Il modello si colloca così in una terra di mezzo; più economico delle compatte elettriche di prima generazione, ma ancora distante dagli obiettivi di massa evocati nel dibattito politico, soprattutto in un contesto di crescente concorrenza dei costruttori cinesi sul fronte dei prezzi.

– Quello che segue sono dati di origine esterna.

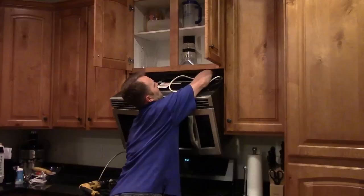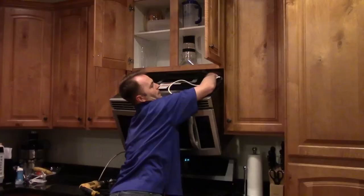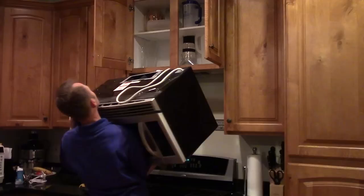You can pull the cord and grab it. You can see the mounting bracket on the wall, and here are the J-shaped hooks that the back mounts onto.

Sul piano industriale, la riorganizzazione è evidente. La chiusura di Dresda diventa il simbolo di una Volkswagen che riduce le produzioni a basso volume in Germania per concentrare risorse su impianti più efficienti, strategia che comporta inevitabili tensioni sociali e sindacali, ma che risponde alla necessità di sostenere economicamente la transizione elettrica. A supporto di questa strategia ci sono la nuova piattaforma MEB+ a trazione anteriore, il motore APP290 e la batteria con cella unificata PowerCo in architettura cell-to-pack che elimina i moduli. Soluzioni pensate per ridurre complessità, peso e costi, aumentando al contempo spazio interno e autonomia. 
Ma la sfida resta dimostrare che queste innovazioni possano far sì che il gruppo regga nell'immediato futuro, corsa contro il passivo che si sta accumulando. L'argomento chiave è sempre più se davvero le Bev siano il futuro dell'automotive.

15 dicembre 2025

Ritorno di fiamma

Si moltiplicano esempi di retrofit di piattaforme elettriche per motorizzazioni termiche e ibride: dopo la Fiat 500 ibrida, ora anche Porsche ripensa le 718.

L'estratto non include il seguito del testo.